We are in a different business environment than we have known for decades. And according to John Weinrich, US sales manager at Boost Payment Solutions, there is an opportunity for businesses, regardless of size and industry, to consider or reconsider card acceptance.

Inflation is a priority and the cost of capital is high.

Suppliers, in particular, Weinrich said, are grappling with seeing pressures they’ve never faced before. At least in terms of purchasing power, the value of a dollar has gone down markedly, which means that waiting 60 or 90 days steadily erodes the value of the money coming into that provider’s account.

The high cost of capital, at over 5% for many small businesses, makes financing transactions through loans unpleasant. Most businesses don’t have top-notch credit ratings, which means they would have a hard time accessing financing in the first place.

“For these reasons and a host of others, I strongly urge businesses to think carefully about their commercial card acceptance policy,” he said.

He noted that virtual cards, in particular, are here to stay and are the fastest growing segment of the commercial card market, growing at over 20% annually. The global value of virtual card transactions was approximately $1.9 trillion in 2021 and, in just a few years, could account for more than half of commercial card spending, marked by the virtues of straight-through processing.

In this context, we are a long way from the ubiquity of cards, Weinrich said. Historically, there has been a perspective that commercial cards only had value to the buyer through rewards, discounts, or extending their payment days. Many businesses and vendors have avoided accepting commercial cards for B2B receivables because conventional wisdom has been that it’s cumbersome and expensive to implement – ​​and infrastructure compatibility remains a concern.

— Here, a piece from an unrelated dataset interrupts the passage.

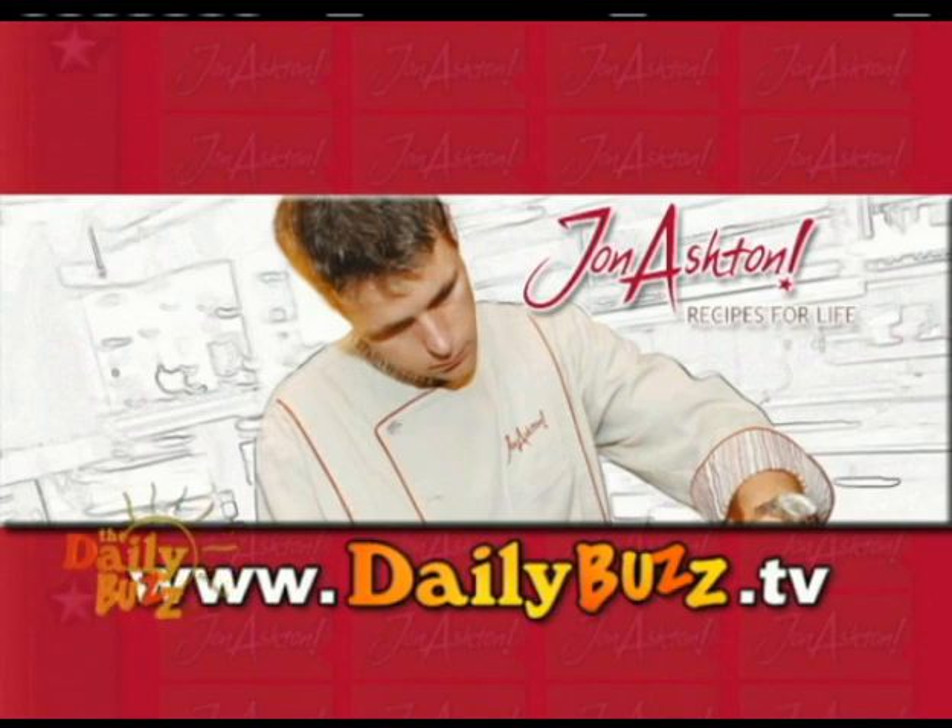I like this a lot, and if you want to get this recipe, go to our website, dailybuzz.tv. It's a great appetizer and also a great accompaniment to your meal. Best garlic bread you'll ever have in your life. Very cheap too — this is going to be less than $2 or $3. We've got this recipe on our website, dailybuzz.tv.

“Asking companies to try something new in the B2B space can be especially daunting in this environment,” Weinrich said. But he noted that platforms like Boost could make it easier to implement AP and AR automation. More and more executives are realizing that augmented reality automation is an effective way to increase a customer’s lifetime value.

Accepting cards, he said, can help both buyer and supplier manage cash flow more effectively in an inflationary environment, as they provide opportunities to monetize payments and avoid late payments, which in turn can strain business relationships.

Weinrich noted that fraud is lower with commercial cards and virtual cards — at just 3%, compared to double-digit rates for other payment types. He added that automated clearing house (ACH) and check processing can have its own issues, including manual errors, especially for small businesses with overburdened staff.

The benefits increase up and down the supply chains, he said, as it becomes easier to reduce DSOs and track customers and transactions. Businesses that accept cards can protect existing revenue from competition and potentially increase sales from existing customers.

The urgency is there since 56% of buyers ask for several payment options.

“Returning benefits to their buyers is truly a win-win situation,” he said, adding that “the use and acceptance of commercial cards can increase the chances of retaining customers and winning new business.” “.


About: Results from PYMNTS’ new study, “The Super App Shift: How Consumers Want To Save, Shop And Spend In The Connected Economy,” a collaboration with PayPal, analyzed responses from 9,904 consumers in Australia, Germany, UK and USA. and showed strong demand for one super multi-functional app rather than using dozens of individual apps.